Субстрат для определения активности:
ДНК фага лямбда
Оптимальный буфер: SE-буфер O.
Для фасовок Turbo прикладывается 10 X SE-буфер ROSE.
Активность фермента в различных буферах в процентах от максимальной:
| B | G | O | W | Y | ROSE |
| 10 | 25 | 100 | 25 | 25 | 100 |
Условия хранения: 10 mM Tris-HCl (pH 7.5); 50 mM NaCl; 0,1 mM EDTA; 200 ug/ml BSA; 1 mM DTT; 50% глицерин; Хранить при -20°С.
Лигирование:
После гидролиза 10-кратным избытком фермента 90% фрагментов ДНК сшиваются ДНК-лигазой и могут быть повторно расщеплены.
Неспецифический гидролиз:
Картина специфического гидролиза не изменяется при обработке 1 мкг ДНК 10 ед фермента в течение 16 часов при 37°С.

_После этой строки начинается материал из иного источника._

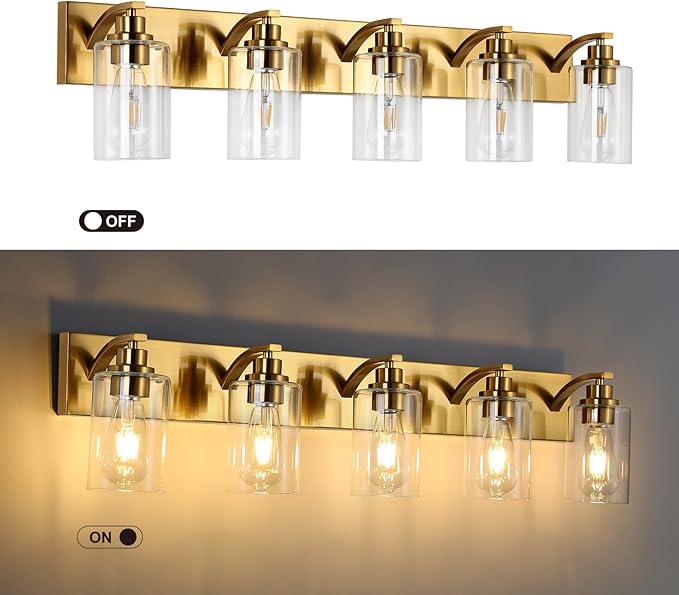 5-Light Bathroom Light Fixtures Modern Gold Vanity Lights for Bathroom Lighting Fixtures Over Mirror with Clear Glass Shade for Cabinet Mirror Bedroom Hallway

Чувствительность к метилированию: не проверялось
С ферментом поставляется: 10 Х SE-буфер O.
Примечание:
Литература:
Дегтярев С.Х., Речкунова Н.И., Нетесова Н.A., Чижиков В.E., Малыгин E.Г., Кочкин A.В., Михайлов В.В., Рассказов В.A. Биоорг. Хим. 13: 422-423 (1987).